__About this exercise__. Exactly the lines from the line containing "https://msimg.bioon.com/bionline/goods-no-pic.png" through the final line of the entries below must be returned, and only those, without pictures.
Top of Exercise data
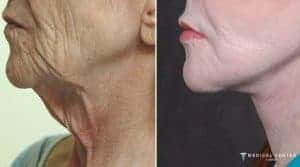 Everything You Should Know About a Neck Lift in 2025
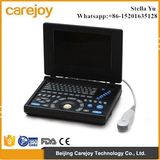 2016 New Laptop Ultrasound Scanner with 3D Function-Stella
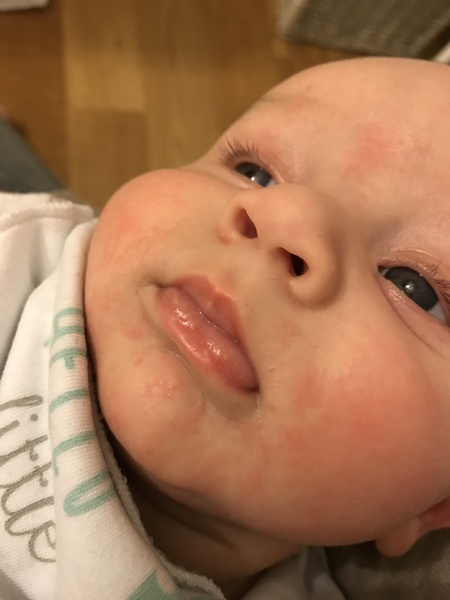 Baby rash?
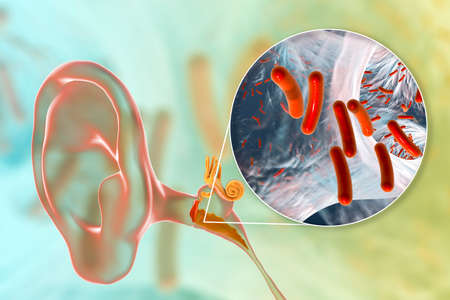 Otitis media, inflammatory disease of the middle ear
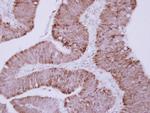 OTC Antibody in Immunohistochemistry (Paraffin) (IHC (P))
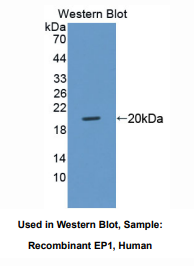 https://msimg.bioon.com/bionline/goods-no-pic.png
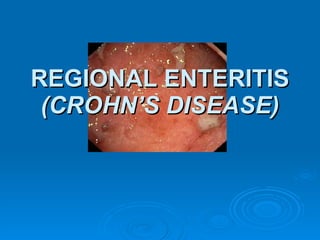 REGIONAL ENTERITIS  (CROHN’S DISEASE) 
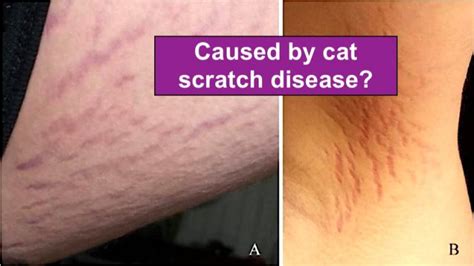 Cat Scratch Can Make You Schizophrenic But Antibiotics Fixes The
Bottom of Exercise data
__Exercise answer__.
 https://msimg.bioon.com/bionline/goods-no-pic.png
 REGIONAL ENTERITIS  (CROHN’S DISEASE) 
 Cat Scratch Can Make You Schizophrenic But Antibiotics Fixes The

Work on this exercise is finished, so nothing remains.